Buddhist monasticism has always been a profound stepping out of the mainstream of society. Even in the time of the Buddha, these communities were considered to be a challenge to materialism, deity worship, social class hierarchy and institutionalized discrimination. For 2,600 years Buddhist monks and nuns have been living examples of an alternative way of life based on virtuous living and sustainable environmental practices. They undermined the subtle but pernicious delusion pervasive in wholly worldly values. They have few possessions, live in small huts and are models of frugality. Their intentional simplification leaves a small carbon footprint, easing the burden on the earth’s precious resources.
The Buddhist teaching of contentment with little directly confronts the materialistic attitudes of unbridled consumption. When it is increasingly clear that unrestrained and ungoverned corporate greed is crippling our natural environment and creating a massive discrepancy between a wealthy and powerful elite and a growing impoverished underclass, an institution that is specifically designed to uproot greed is even more relevant. When the majority of wars have their roots in economic desire for wealth, the Buddha’s firm non-violent stance on Awakening rather than acquiring, directly counters the culture of endless war.
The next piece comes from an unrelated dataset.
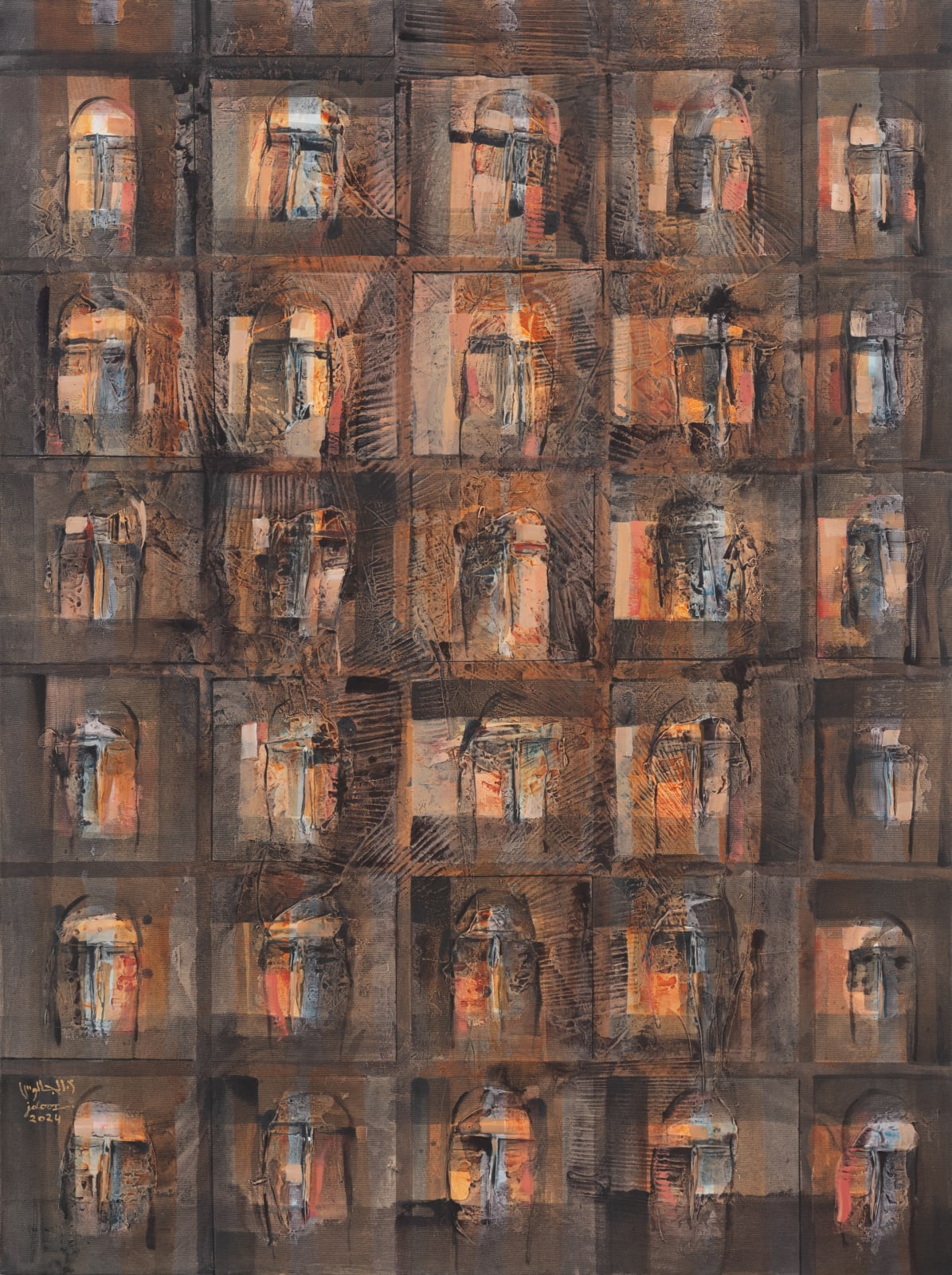 Mohammad Al Jaloos, They are not numbers 2, 2024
Forest monasteries also challenge many of the assumptions underlying the mainstream economic system. For example, Vimutti does not charge for anything and relies entirely on donations. All teachings, accommodation, food, books and facilities are offered free of charge, and our continued survival depends entirely on individuals who feel they want to support our values and aspirations. Economic sustainability then manifests in a system of mutual generosity called ‘dana’. Whereas other spiritual organizations might feel the need to incorporate profit making ventures in order to sustain themselves, forest monasteries rely solely on their community’s integrity to attract support. The dana system not only counters many of the negative effects of a more self-centered system based on personal gain, it encourages the goodness in people’s hearts to grow. Big hearted generosity, service and caring for fellow humans and animals then lays the foundation for a society that dwells in peace and is guided by wisdom.
This reflection by Ajahn Chandako is from the talk, Metta for the Environmental Mirror, p.1.